__Dataset content__
►

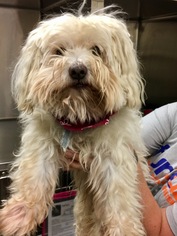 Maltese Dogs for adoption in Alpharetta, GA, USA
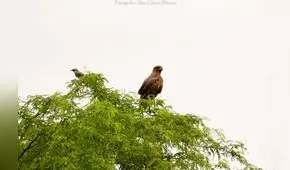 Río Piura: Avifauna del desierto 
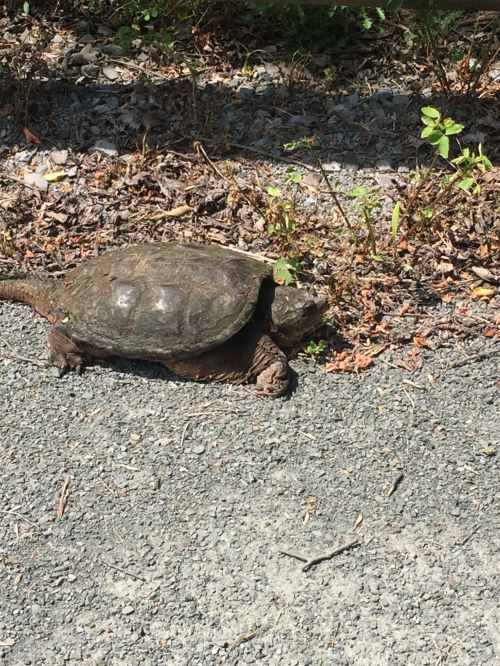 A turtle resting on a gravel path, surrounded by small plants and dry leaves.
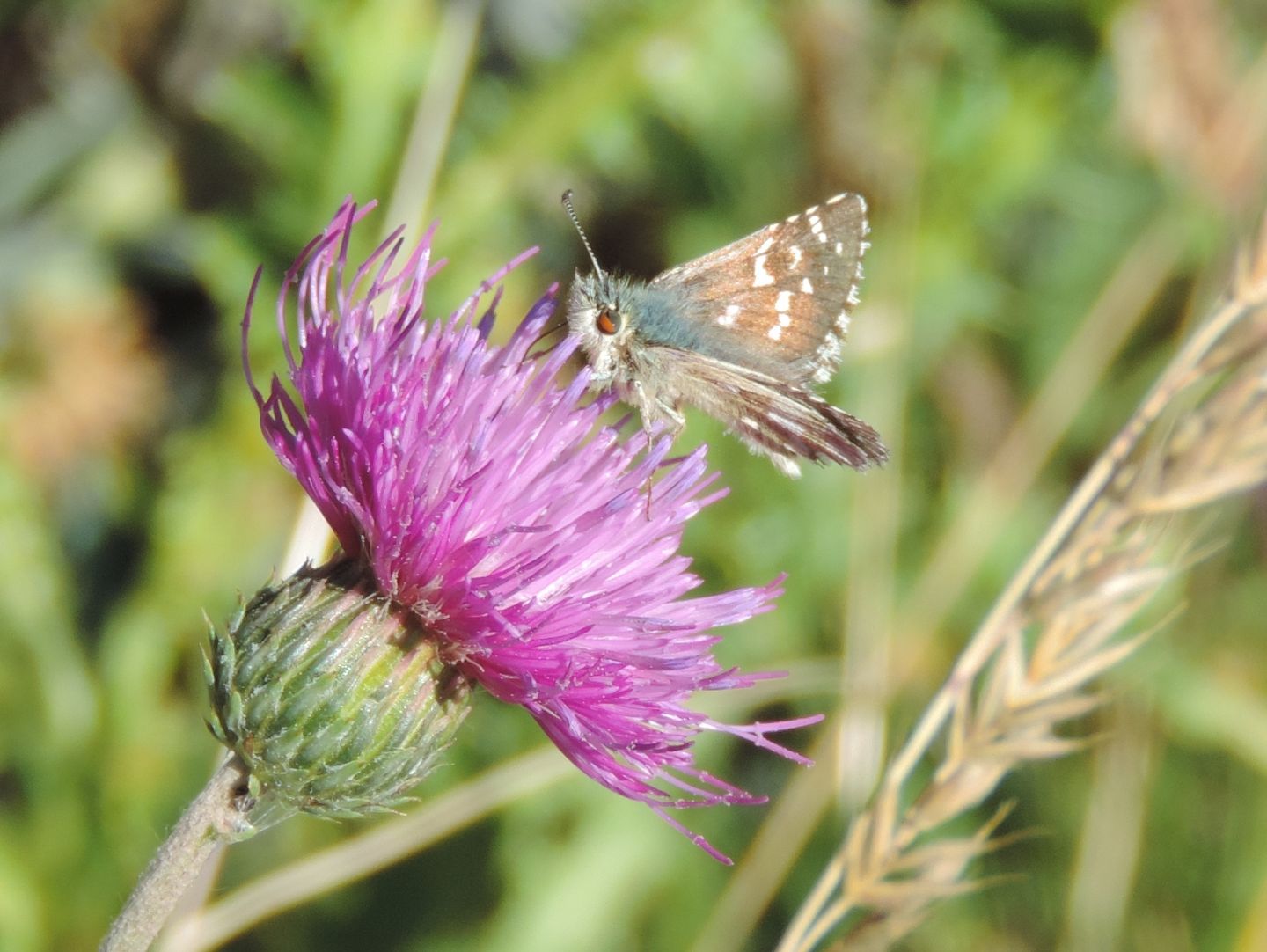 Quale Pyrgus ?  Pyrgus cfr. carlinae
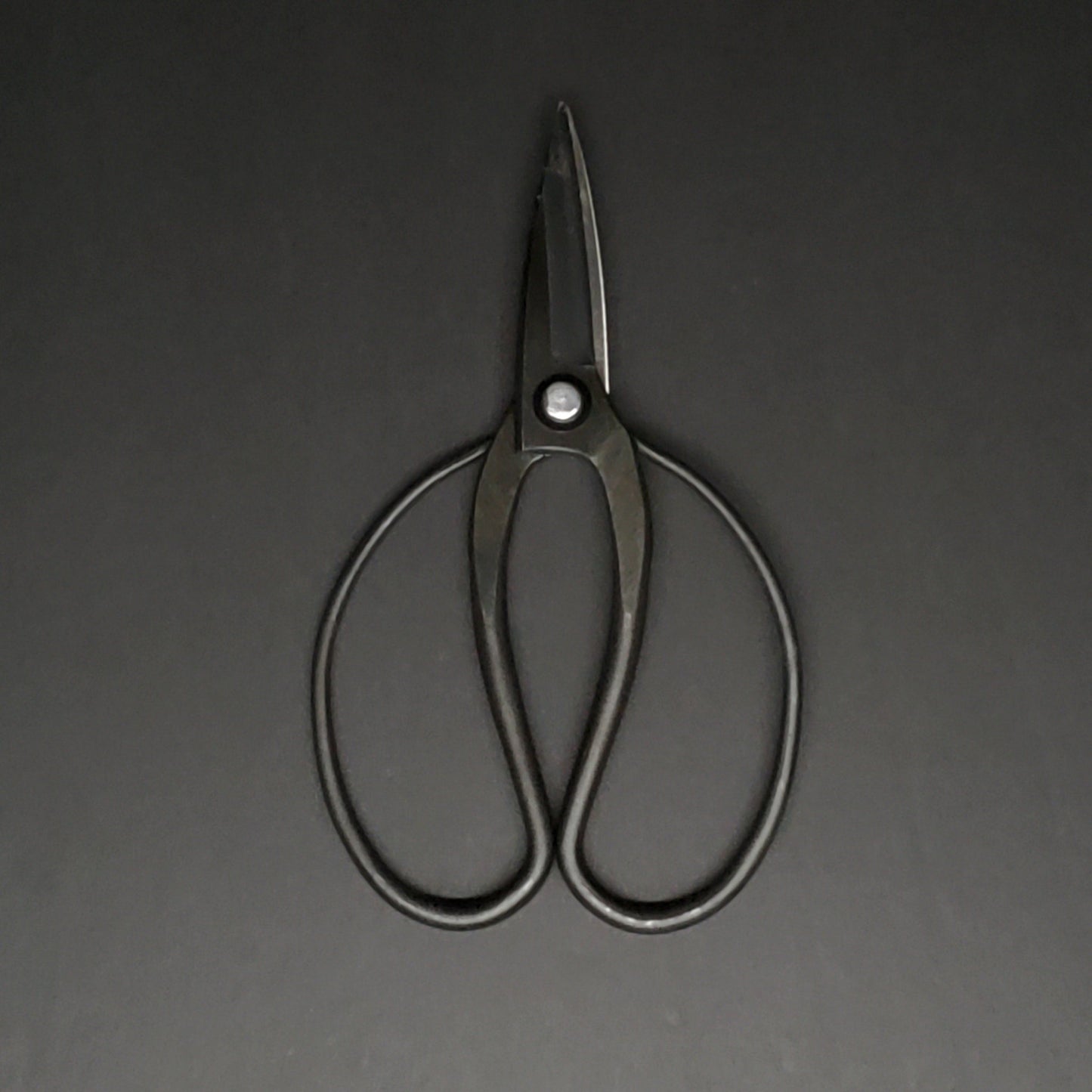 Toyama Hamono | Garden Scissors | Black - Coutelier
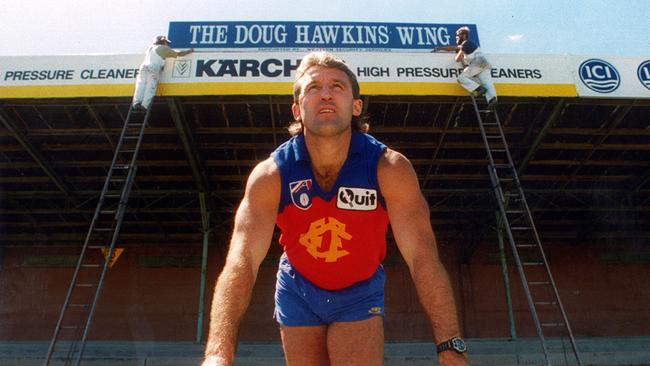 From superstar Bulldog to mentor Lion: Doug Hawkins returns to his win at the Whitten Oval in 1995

◄
►

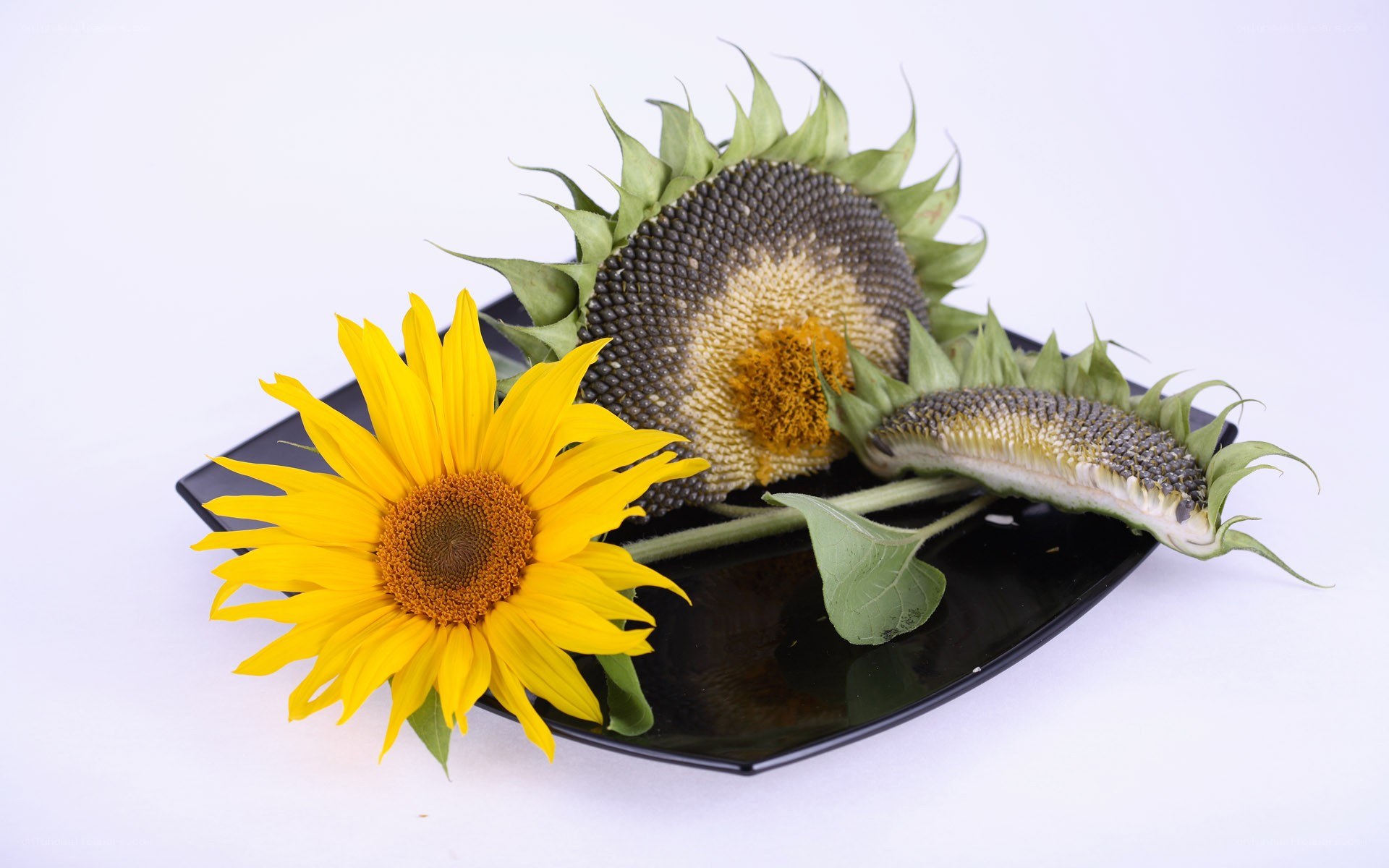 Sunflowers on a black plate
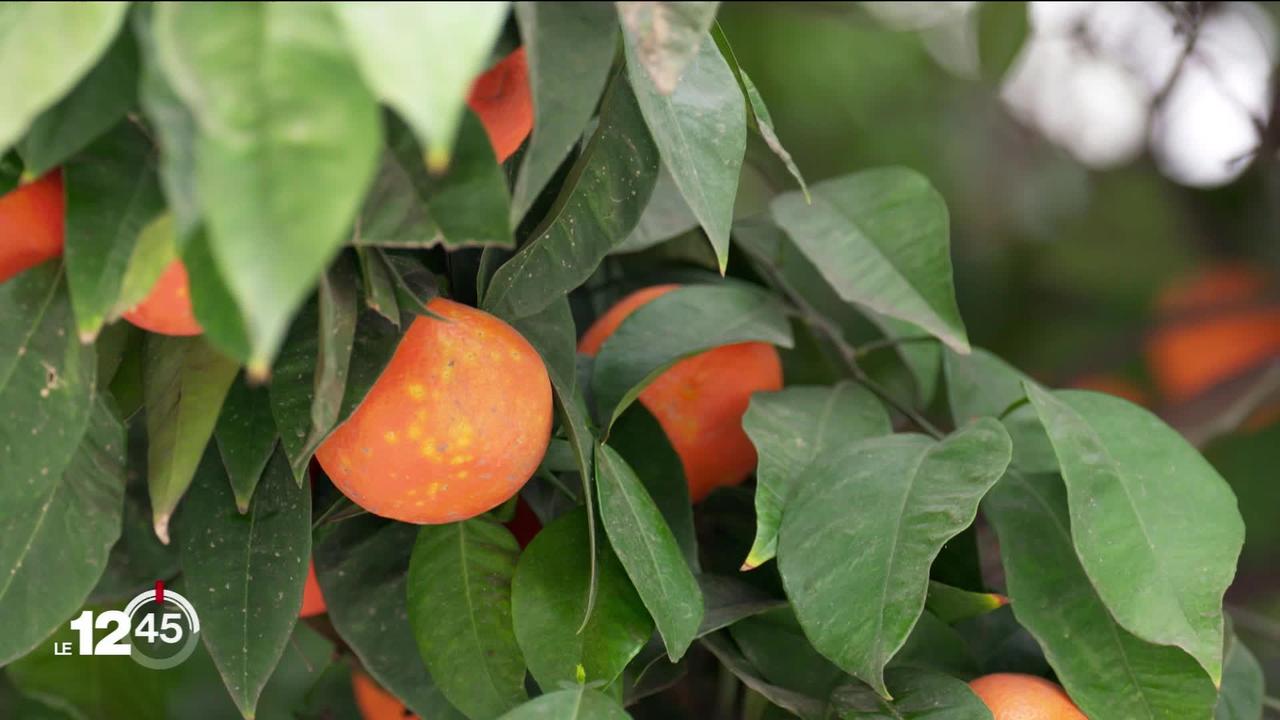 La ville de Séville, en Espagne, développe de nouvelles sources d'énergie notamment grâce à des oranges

◄
►

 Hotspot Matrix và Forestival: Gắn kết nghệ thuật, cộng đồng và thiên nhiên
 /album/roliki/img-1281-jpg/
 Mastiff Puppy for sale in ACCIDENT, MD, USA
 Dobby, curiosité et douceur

◄

__Exercise__
Starting at the line above that holds "Hotspot Matrix và" and ending at the line that holds "Dobby, curiosité et douceur", transcribe each line exactly and include no other lines.

__Answer box__
 Hotspot Matrix và Forestival: Gắn kết nghệ thuật, cộng đồng và thiên nhiên
 /album/roliki/img-1281-jpg/
 Mastiff Puppy for sale in ACCIDENT, MD, USA
 Dobby, curiosité et douceur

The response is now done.